- Name
- Sandy Ryza
- Handle
- @s_ryz
As data practitioners increasingly depend on Dagster as a critical piece of their platforms, we believe it’s important to commit to a stable set of APIs that they can expect to remain the same for a very long time.
Before making that commitment to stability, we wanted to make sure we could confidently say that our APIs are as intuitive and simple as they can be. So we asked ourselves “Which of our current APIs will stand the test of time, and what have we heard from users about what will not? Where do we get the most critical feedback? Which parts of our APIs inspire the most confusion?”
This post will cover what we’ve heard and observed, and it will describe the new set of Dagster core APIs that we’ve developed to take the place of some of the more confusing parts of Dagster’s existing APIs. At a high level, we’re planning to consolidate many of Dagster’s core concepts into a few, simpler concepts.
These changes are experimental in our latest release, 0.12.0. We think they’re a huge step forward for the intuitiveness of Dagster’s APIs, and we’d love for you to try them out and tell us what you think.
What we’ve heard
What’s the difference between a preset, a partition set, and a mode?
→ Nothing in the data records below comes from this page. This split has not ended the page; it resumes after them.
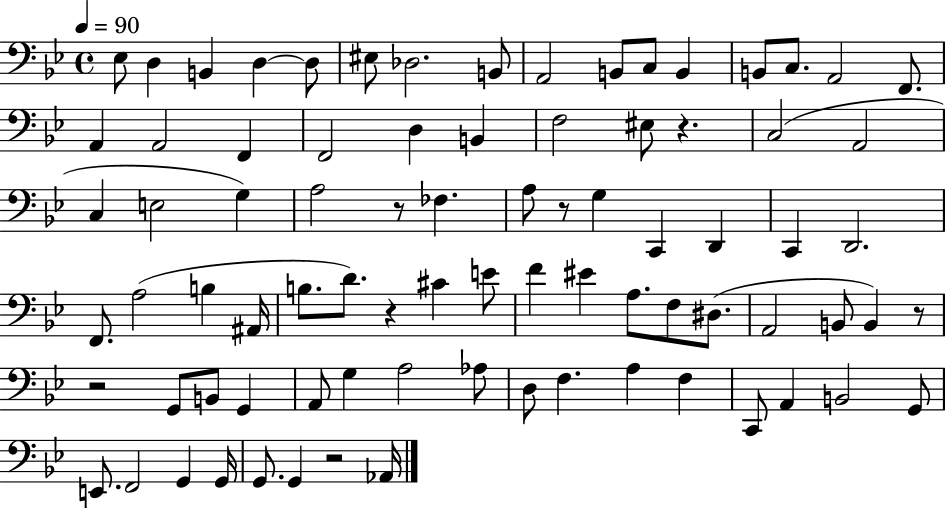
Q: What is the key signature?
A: BES major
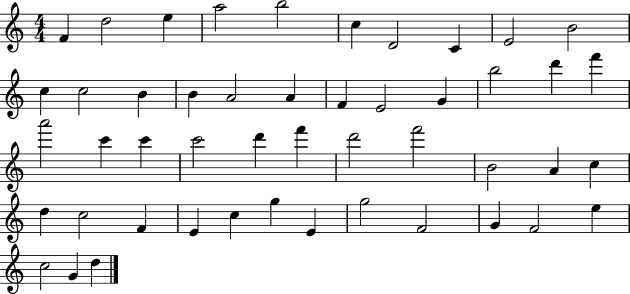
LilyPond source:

{
  \clef treble
  \numericTimeSignature
  \time 4/4
  \key c \major
  f'4 d''2 e''4 | a''2 b''2 | c''4 d'2 c'4 | e'2 b'2 | \break c''4 c''2 b'4 | b'4 a'2 a'4 | f'4 e'2 g'4 | b''2 d'''4 f'''4 | \break a'''2 c'''4 c'''4 | c'''2 d'''4 f'''4 | d'''2 f'''2 | b'2 a'4 c''4 | \break d''4 c''2 f'4 | e'4 c''4 g''4 e'4 | g''2 f'2 | g'4 f'2 e''4 | \break c''2 g'4 d''4 | \bar "|."
}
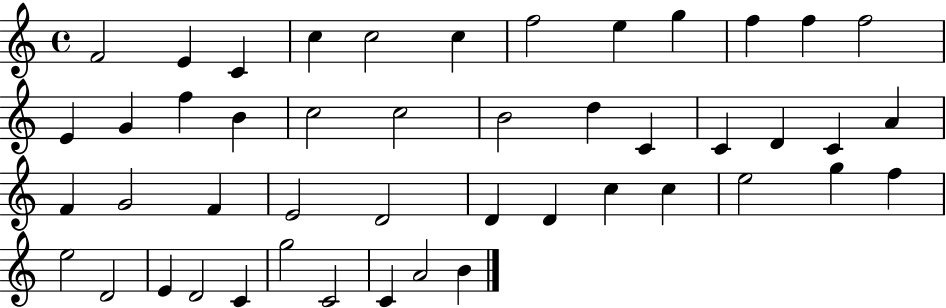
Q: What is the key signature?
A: C major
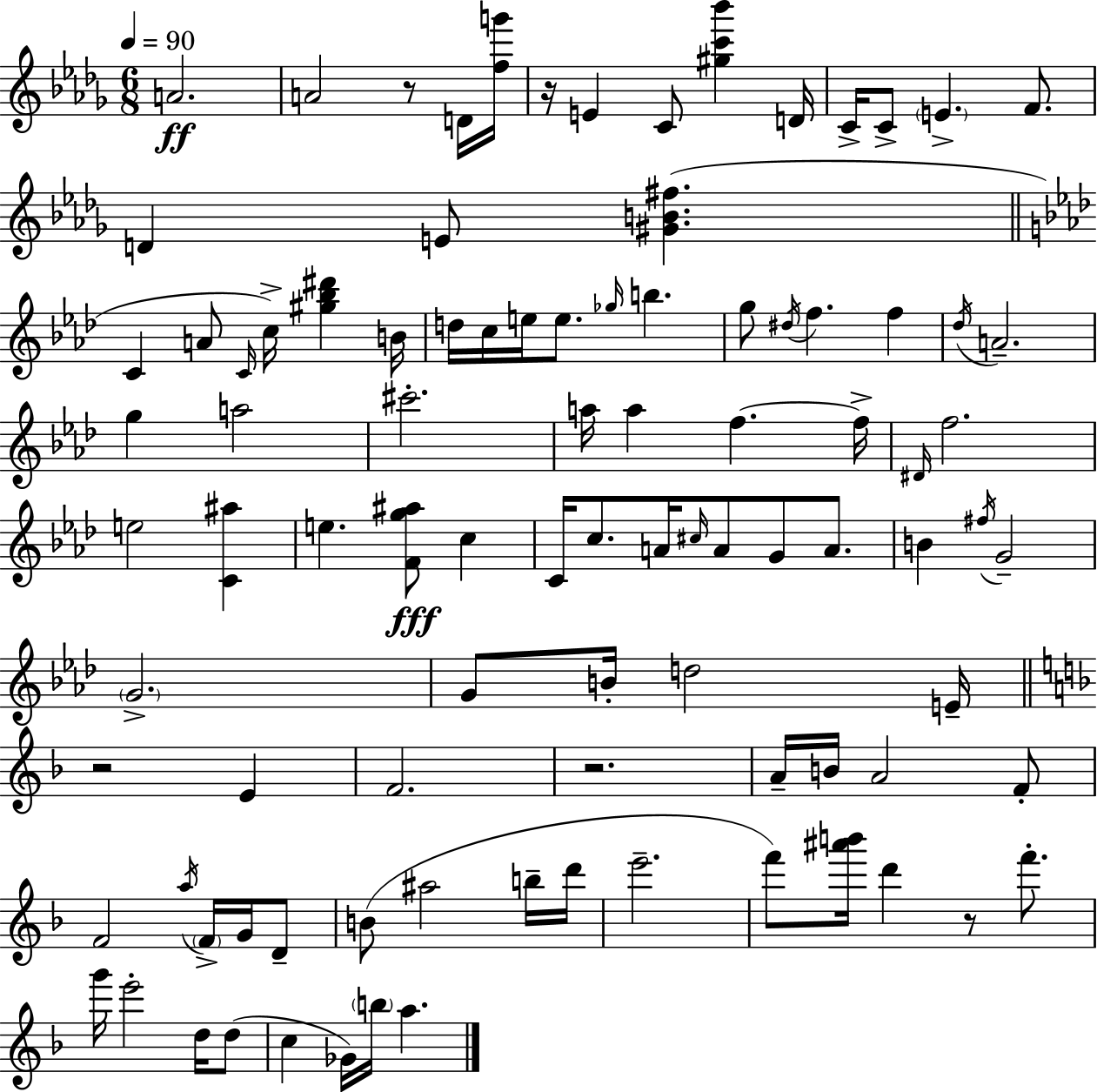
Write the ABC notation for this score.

X:1
T:Untitled
M:6/8
L:1/4
K:Bbm
A2 A2 z/2 D/4 [fg']/4 z/4 E C/2 [^gc'_b'] D/4 C/4 C/2 E F/2 D E/2 [^GB^f] C A/2 C/4 c/4 [^g_b^d'] B/4 d/4 c/4 e/4 e/2 _g/4 b g/2 ^d/4 f f _d/4 A2 g a2 ^c'2 a/4 a f f/4 ^D/4 f2 e2 [C^a] e [Fg^a]/2 c C/4 c/2 A/4 ^c/4 A/2 G/2 A/2 B ^f/4 G2 G2 G/2 B/4 d2 E/4 z2 E F2 z2 A/4 B/4 A2 F/2 F2 a/4 F/4 G/4 D/2 B/2 ^a2 b/4 d'/4 e'2 f'/2 [^a'b']/4 d' z/2 f'/2 g'/4 e'2 d/4 d/2 c _G/4 b/4 a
Users often tell us that they grasp the basics of constructing a pipeline very quickly, but that it takes them a while to understand the array of concepts that Dagster provides for dealing with more complex parameterizations of their pipelines: modes, presets, and partition sets. Part of what’s difficult here is that these concepts play similar roles. Modes and presets both help model different environments (e.g. production and staging). Presets and partition sets both provide default configuration to a pipeline.
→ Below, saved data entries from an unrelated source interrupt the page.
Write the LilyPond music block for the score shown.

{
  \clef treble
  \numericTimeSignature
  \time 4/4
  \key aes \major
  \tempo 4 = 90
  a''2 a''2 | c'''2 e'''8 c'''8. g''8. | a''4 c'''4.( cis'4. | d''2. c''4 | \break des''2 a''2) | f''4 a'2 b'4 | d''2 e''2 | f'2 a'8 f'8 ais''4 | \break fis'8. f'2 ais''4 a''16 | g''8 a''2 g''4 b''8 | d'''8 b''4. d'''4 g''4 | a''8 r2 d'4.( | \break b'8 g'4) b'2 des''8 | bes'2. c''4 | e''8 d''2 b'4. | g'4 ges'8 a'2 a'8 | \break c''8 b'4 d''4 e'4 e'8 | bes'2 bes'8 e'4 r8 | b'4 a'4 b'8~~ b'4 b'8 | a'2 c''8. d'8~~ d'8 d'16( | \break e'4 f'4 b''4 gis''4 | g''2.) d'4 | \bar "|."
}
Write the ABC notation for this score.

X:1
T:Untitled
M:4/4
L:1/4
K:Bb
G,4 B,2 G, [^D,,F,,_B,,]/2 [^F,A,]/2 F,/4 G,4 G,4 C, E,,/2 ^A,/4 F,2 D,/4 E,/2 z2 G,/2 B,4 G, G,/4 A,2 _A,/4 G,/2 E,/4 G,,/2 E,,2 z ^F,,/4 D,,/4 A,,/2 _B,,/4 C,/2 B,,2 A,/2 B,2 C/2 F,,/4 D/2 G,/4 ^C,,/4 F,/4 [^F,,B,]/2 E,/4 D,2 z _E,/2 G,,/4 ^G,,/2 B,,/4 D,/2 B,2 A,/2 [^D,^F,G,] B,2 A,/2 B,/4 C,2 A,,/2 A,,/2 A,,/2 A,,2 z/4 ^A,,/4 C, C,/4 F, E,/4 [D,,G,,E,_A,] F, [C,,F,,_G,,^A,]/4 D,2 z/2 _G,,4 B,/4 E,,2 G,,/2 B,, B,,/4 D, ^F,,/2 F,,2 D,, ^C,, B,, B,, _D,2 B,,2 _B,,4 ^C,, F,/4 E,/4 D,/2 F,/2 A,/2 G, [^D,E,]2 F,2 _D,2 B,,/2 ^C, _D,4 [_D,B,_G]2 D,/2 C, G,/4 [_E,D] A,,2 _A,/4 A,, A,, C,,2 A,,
Why can’t I nest a pipeline in a pipeline?
Pipelines and composite solids are both ways of defining dependency graphs of solids. Solids and composite solids, while named similarly, work very differently (the code inside a solid runs when the pipeline runs, but the code inside a composite solid runs when the pipeline is being defined).
How do I unit-test my pipeline?
One of the core goals of Dagster’s resource system is to make it easy to test pipelines. The resource system essentially allows solids and pipelines to define pluggable extension points where different resources can be provided, enabling the same pipeline to be executed in different environments. However, in the current implementation, all resources that a pipeline can be executed with need to be supplied to the pipeline at the place where the pipeline is defined. This works well for integration tests, but means it can be very difficult to actually take advantage of the resource system in pipeline unit tests - there’s no straightforward way to create an ad-hoc resource inside a unit test and execute a pipeline with it.
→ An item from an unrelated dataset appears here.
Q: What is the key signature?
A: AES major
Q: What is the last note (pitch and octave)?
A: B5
What’s my “dev” mode doing here in prod?
Another point of awkwardness is that Dagster instances typically include modes, presets, and partition sets that cannot or should not be launched on them. For example, it’s typical to define a pipeline with production and development modes, to include that pipeline on your production instance, and then to come across the development mode when viewing your pipeline in production. The pipelines aren’t meant to be executed in their development modes from the production deployment, but, because the mode is attached to the pipeline, it shows up there. This is distracting and confusing for anyone trying to operate the pipeline in production.
What’s a “solid?”
Last, but not least, one of the most persistent pieces of critical feedback we’ve gotten on Dagster’s APIs has been the name of its core abstraction - “solid”. People who have spent a lot of time with the framework mostly get used to it, but new users almost unanimously find it difficult to understand what the name “solid” has to do with executing graphs of data computations.
The changes
With these difficulties in mind, we’re planning to make a few big changes to Dagster’s APIs.
Solid → Op
We are planning to rip the band-aid off and replace the name “solid” with the name “op”. “Op” is short for “operation” - the name is a much better fit than solid for a concept that is a functional unit of computation. We chose “op” over a name like “task”, because we wanted to capture the connotation of a logical operation, not a physical execution. Ops have inputs and outputs, and they may be parameterized to execute in different environments. In future versions of Dagster, we’re interested in offering the capability to fuse multiple ops into a single step, which would allow sub-graphs to pass data in memory even when the overall graph is executing in a distributed manner.
We will maintain backwards compatibility for a year at the very least. We don’t take this change lightly, because we know that it will mean changing a lot of code, but, for the long run, we think it’s important for making the project as accessible and successful as possible.
Along with op, we’ve introduced more concise APIs for defining Dagster Types and metadata on inputs and outputs.
from dagster import In, Out, op
@op(ins={"arg1": In(metadata={"a": "b"})}, out=Out(metadata={"c": "d"}))
def do_something(arg1: str) -> int:
return int(arg1)
Graph and Job
We’re planning to replace pipelines, modes, presets, composite solids, and partition sets with a pair of new abstractions: graph and job.
Pipelines encapsulate a large number of independent concepts. In addition to defining the logical structure of dependencies, a pipeline must also enumerate all of possible modes it could be run in, with each mode in turn enumerating all of the required resources, potentially paired with multiple presets per mode.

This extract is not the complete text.